(EXERCISE AIM)
Given the material below, return only the lines starting at the line with "Homem leva facadas" and ending at the line with "西方人,一个人,躺,笑,吃,微笑,露齿笑", exactly as they appear.

(RECORDS FOR THIS EXERCISE Opens)

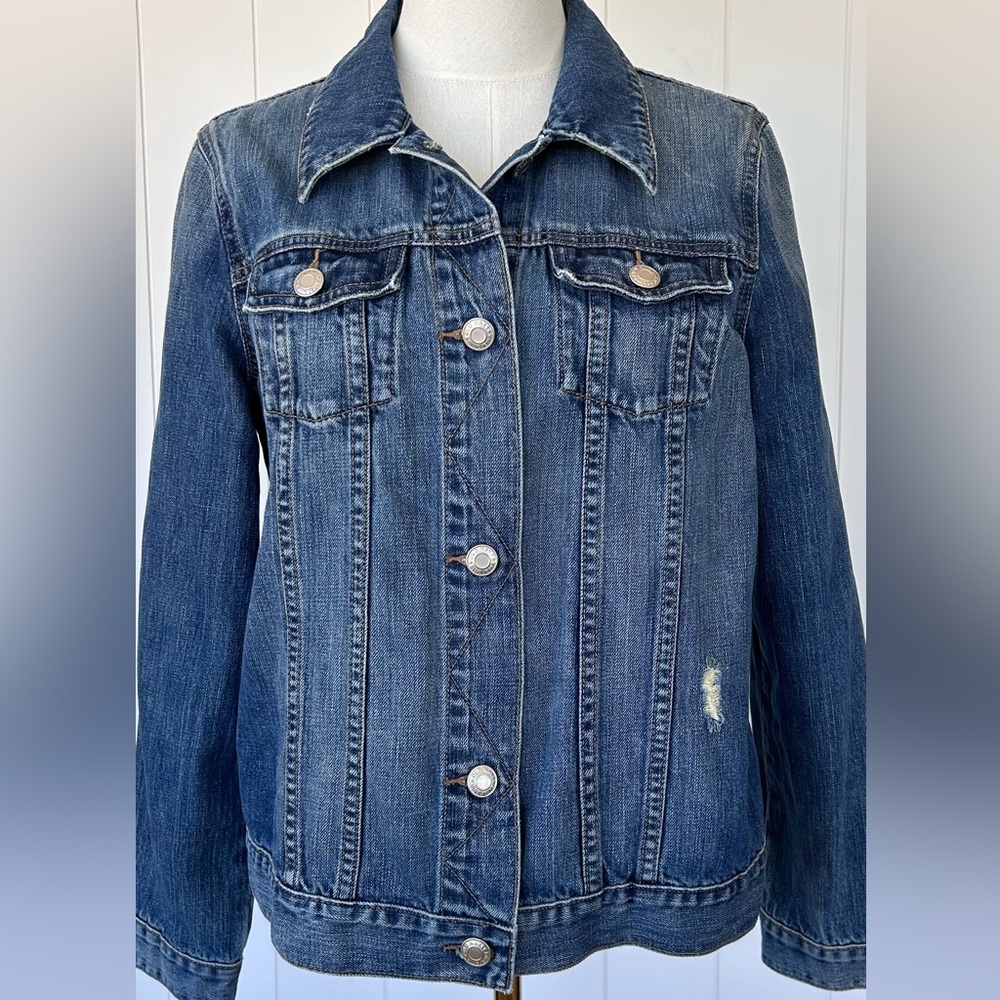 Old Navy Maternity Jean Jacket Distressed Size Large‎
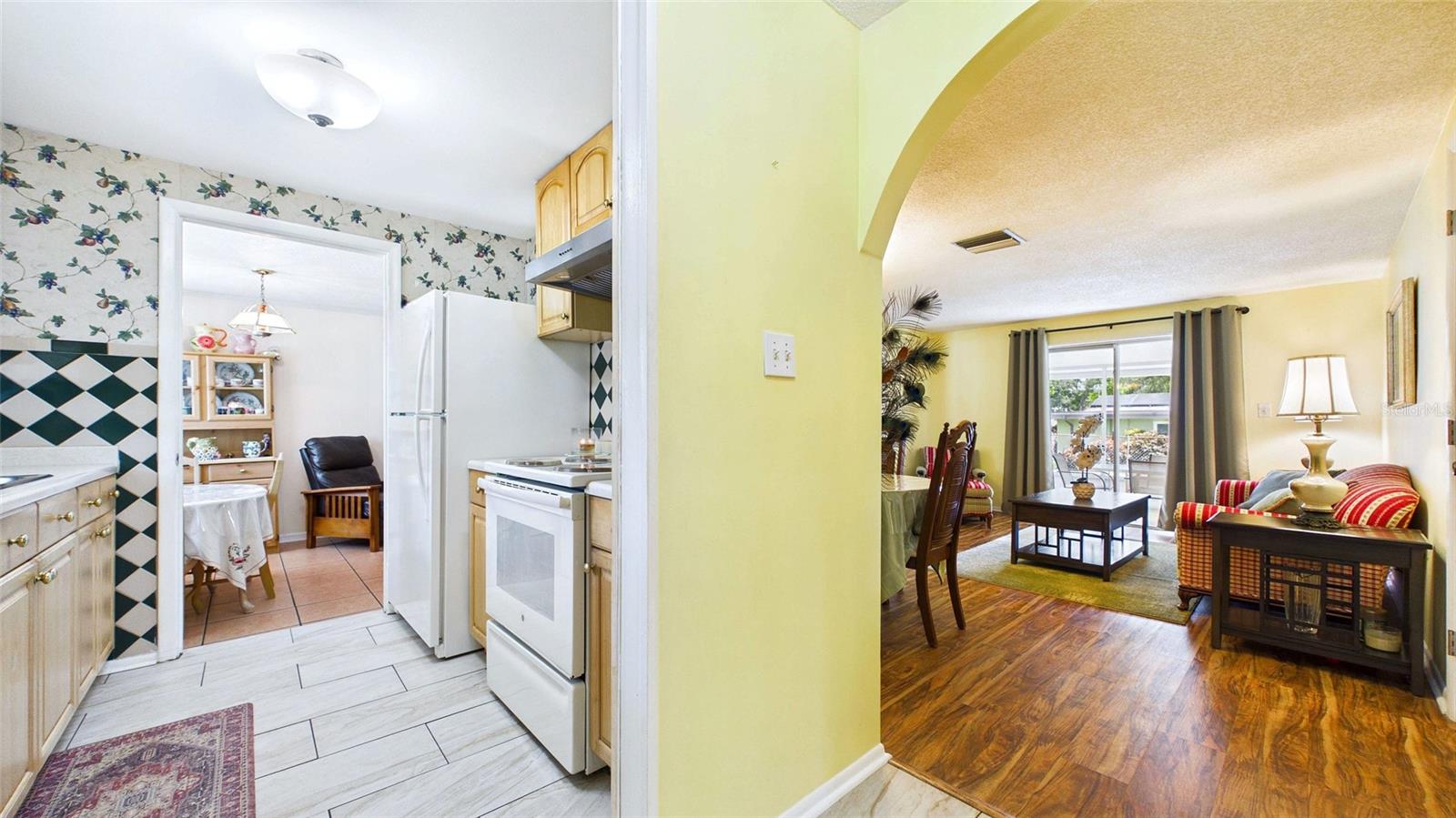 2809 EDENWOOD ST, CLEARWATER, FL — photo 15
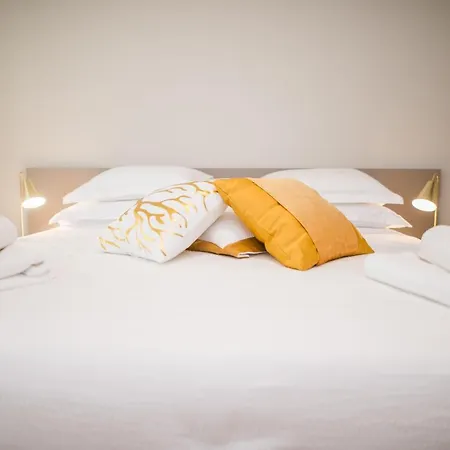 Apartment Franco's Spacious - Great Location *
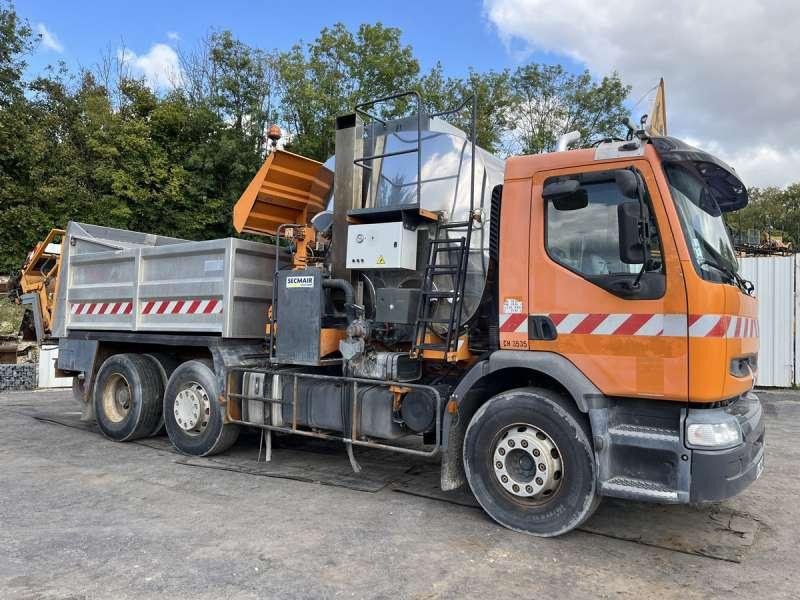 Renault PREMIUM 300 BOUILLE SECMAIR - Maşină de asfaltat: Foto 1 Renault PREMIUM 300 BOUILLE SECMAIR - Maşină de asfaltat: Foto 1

(RECORDS FOR THIS EXERCISE Closes)
(RECORDS FOR THIS EXERCISE Opens)

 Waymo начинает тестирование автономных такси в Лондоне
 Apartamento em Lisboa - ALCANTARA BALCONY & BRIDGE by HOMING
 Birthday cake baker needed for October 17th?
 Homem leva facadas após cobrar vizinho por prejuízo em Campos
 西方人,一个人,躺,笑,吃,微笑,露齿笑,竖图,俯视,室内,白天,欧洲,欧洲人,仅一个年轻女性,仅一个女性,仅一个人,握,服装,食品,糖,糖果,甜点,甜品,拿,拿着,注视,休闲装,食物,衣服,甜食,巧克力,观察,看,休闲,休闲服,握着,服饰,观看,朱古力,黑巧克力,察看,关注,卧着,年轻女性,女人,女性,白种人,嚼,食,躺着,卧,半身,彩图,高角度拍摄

(RECORDS FOR THIS EXERCISE Closes)

(TASK ANSWER)
 Homem leva facadas após cobrar vizinho por prejuízo em Campos
 西方人,一个人,躺,笑,吃,微笑,露齿笑,竖图,俯视,室内,白天,欧洲,欧洲人,仅一个年轻女性,仅一个女性,仅一个人,握,服装,食品,糖,糖果,甜点,甜品,拿,拿着,注视,休闲装,食物,衣服,甜食,巧克力,观察,看,休闲,休闲服,握着,服饰,观看,朱古力,黑巧克力,察看,关注,卧着,年轻女性,女人,女性,白种人,嚼,食,躺着,卧,半身,彩图,高角度拍摄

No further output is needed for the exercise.